Les entreprises redécouvrent l'Afrique et ses consommateurs

Redaction

Longtemps, les industriels occidentaux se sont surtout intéressés aux matières premières de l’Afrique. Mais, avec la forte croissance du continent ces dernières années, L’Oréal, Danone, Orange et autre Vodafone veulent maintenant séduire les consommateurs africains. Et investissent sur place.
L’Afrique, c’est «la nouvelle frontière.» L’expression est d’Hillary Clinton, la secrétaire d’Etat américaine. Jean-Paul Agon l’a reprise à son compte: «Nous allons partir à la conquête de nouveaux pays, et même d’un nouveau continent, l’Afrique, expliquait récemment le directeur général de L’Oréal dans «Le Point». Il y a des marchés, il y a des besoins. C’est notre nouvelle frontière.» Le boom africain ne laisse pas insensibles les entreprises. Nombreuses sont celles, comme le leader mondial des cosmétiques, qui en ont fait leur nouveau cheval de bataille.

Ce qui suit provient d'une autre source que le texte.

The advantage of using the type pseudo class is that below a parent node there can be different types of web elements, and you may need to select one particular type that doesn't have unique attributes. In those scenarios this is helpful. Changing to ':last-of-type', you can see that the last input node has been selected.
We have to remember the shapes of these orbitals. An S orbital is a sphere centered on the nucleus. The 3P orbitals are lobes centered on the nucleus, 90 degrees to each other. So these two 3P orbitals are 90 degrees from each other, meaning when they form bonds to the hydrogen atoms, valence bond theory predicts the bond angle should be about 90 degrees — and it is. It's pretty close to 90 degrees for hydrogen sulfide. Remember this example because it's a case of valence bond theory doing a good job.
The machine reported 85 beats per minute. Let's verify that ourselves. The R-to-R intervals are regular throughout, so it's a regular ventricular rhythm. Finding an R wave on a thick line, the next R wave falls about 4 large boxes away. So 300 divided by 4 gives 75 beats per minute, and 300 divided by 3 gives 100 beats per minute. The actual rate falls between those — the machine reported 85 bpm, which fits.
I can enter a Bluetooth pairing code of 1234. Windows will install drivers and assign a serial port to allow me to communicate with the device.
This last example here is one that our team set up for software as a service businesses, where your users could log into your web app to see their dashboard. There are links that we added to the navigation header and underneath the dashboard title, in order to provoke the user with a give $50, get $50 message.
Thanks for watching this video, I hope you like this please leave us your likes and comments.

Danone, par exemple, vient de monter à 100% dans sa filiale en Afrique du Sud, pour en faire sa tête de pont sur le continent. Le groupe Bel, qui cherche à «développer la consommation de fromage» en Afrique, a choisi d’ouvrir une usine en Algérie. Pour un succès immédiat: la demande du pays a augmenté de 50% l’an passé. «Avant, on ne voyait l’Afrique que comme un continent ressource. Maintenant, on commence à la voir comme un continent marché», constate Anthony Bouthelier, président délégué du CIAN, organisation rassemblant les entreprises françaises investies en Afrique.
La crise, pourtant, n’a pas épargné la zone. Selon la Banque africaine de développement, la croissance y est passée d’une moyenne de 5,5 % ces cinq dernières années à 2,3% en 2009. Mais cela reste bien supérieur à celle des économies développées. Et le continent devrait reprendre très vite un essor plus marqué.

Les entreprises prennent donc la mesure du potentiel du marché, où les perspectives, notamment en matière de nouvelles technologies, sont immenses. Le cabinet d’études Forrester, par exemple, prévoit un doublement du nombre d’internautes en Afrique entre 2008 et 2013.
Autre exemple marquant: la téléphonie mobile. Entre 2002 et 2007, le nombre de souscriptions a été multiplié par 3 au Maroc, par 12 en Tunisie et par 58 en Algérie! Safaricom, filiale du britannique Vodafone et premier opérateur d’Afrique de l’Est, a réalisé un bénéfice de 900 millions de dollars en 2008. «En voyant l’engouement pour le téléphone portable, les opérateurs ont compris tout le profit qu’ils pouvaient tirer en réalisant une faible marge, mais sur un grand nombre de clients plus pauvres, plutôt que de développer un produit de luxe pour une clientèle aisée, explique Annie Chéneau-Loquay, directrice de recherche au CNRS.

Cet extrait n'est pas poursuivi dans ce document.